“Atti di sottomissione”, lo straordinario esordio internazionale di Megan Nolan
“Non avrei potuto scegliere altri grandi amori invece degli uomini che ho scelto di amare? Certo che avrei potuto, ma non l’ho fatto, e questa, la mia storia, è la storia di questo atto mancato.”
Tiziana Lo Porto traduce Megan Nolan. E per tradurla la ascolta, mentre la Nolan in “Atti di sottomissione” (NNE, 2021, primo volume della Collana Le Fuggitive, pp. 286, euro 19) si racconta, si mette a nudo completamente in una sorta di memoir, un diario confidenziale dove esplora l’autolesionismo, le sue relazioni sessuali e le sue dipendenze.

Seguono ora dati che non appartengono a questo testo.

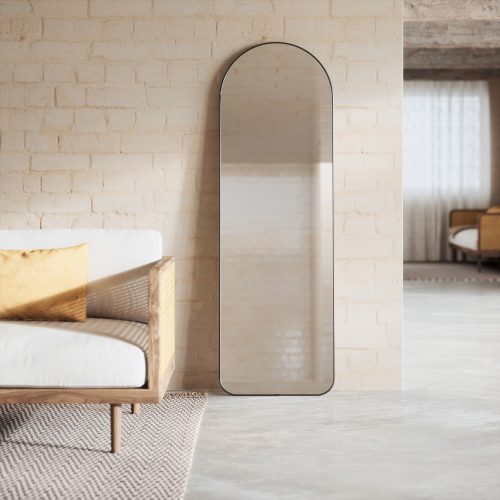 Hubba Arched Leaning Mirror - Gessato Design Store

Quale è il filo conduttore della nostra vita quando è la nostra stessa vita ad andare in pezzi? Perché ci infliggiamo punizioni quando non arriviamo a sopportare ciò che ci accade intorno? Megan Nolan ci spiega i suoi punti di vuoto, analizza con precisione ogni comportamento necessario nel preciso momento in cui a predominare è l’azione, quel baratro dove la risalita sembra impossibile e dove ogni punto di salvezza rimane uno spiraglio lontano.

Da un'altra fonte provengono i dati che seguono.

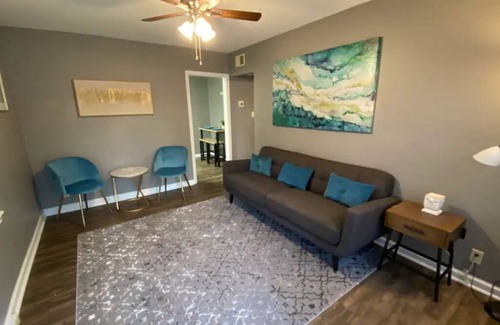 Fremont Apartment | Cute, Cozy& Clean! 1-bed apartment. Fast WiFi. Great for traveling worker!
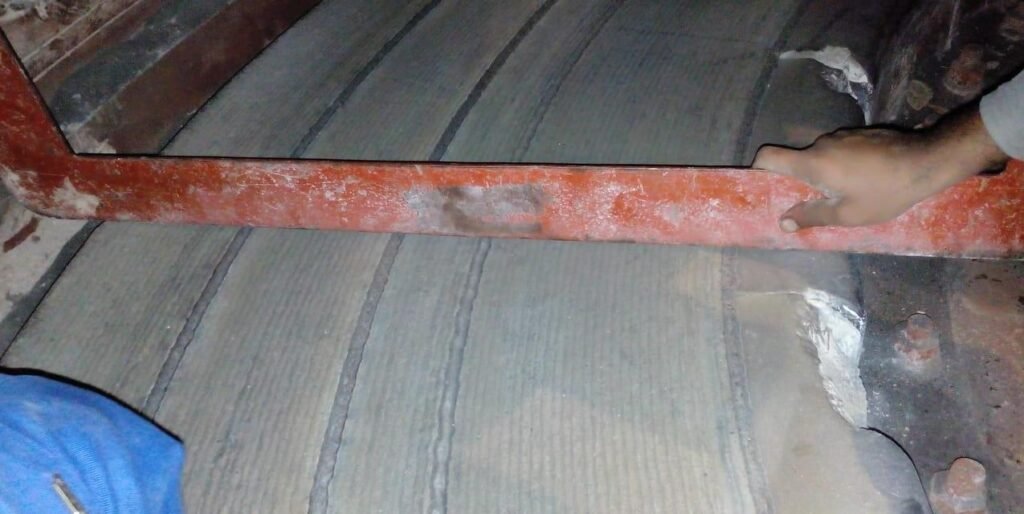 grinding table Hard facing Welding Process Parameters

Che cos’è l’amore e quali sono i suoi limiti? Quale è il confine tra l’amore e il sesso? E tra il sesso, la violenza e la sopraffazione?
“…è stato il primo che ho venerato. Il suo corpo sarebbe diventato per me un luogo di preghiera, un posto dove dimenticare la mia carne viva e stare solo con la sua. era una questione di piacere assoluto, di bellezza totale”. È Ciaran: scostante, anaffettivo, egoista. Mentre lei è alla ricerca continua di quel compiacimento che la porterà alla redenzione. Fino a svendersi e umiliarsi, svilendo sé stessa, svalutando sé stessa e avvitandosi su sé stessa.
E il nostro corpo? Quando riusciamo a sentirlo vero? Perché siamo in grado di amarci solo quando lo fanno gli altri? Quando riusciamo ad accettarlo? Quanto è più importante l’accettazione dell’altro prima della nostra?
“Quando stavo con gli altri mi sentivo vera; era questo il motivo per cui volevo essere innamorata.”
La scrittura è chiara, è cruda e allo stesso tempo incredibilmente vera e sincera. Ci riconosciamo in lei, ci arrendiamo con lei per poi ritrovarci e aggrapparci a quell’unico ramo che non sappiamo se sarà in grado di sorreggerci.
“Mi sono chiesta come facessero sempre a sapere che potevano picchiarmi.”
Atti di disperazione che richiamano l’altrui di disperazione e perversione, entrando in un circuito di dipendenza fisica ed emotiva, “amo la ragazza che ha fatto queste cose. La amo perché mi dispiace per lei e la capisco”.
E arriviamo al punto. Quel punto in cui non si cerca né compassione e né redenzione: è solo una storia. La storia di un atto mancato.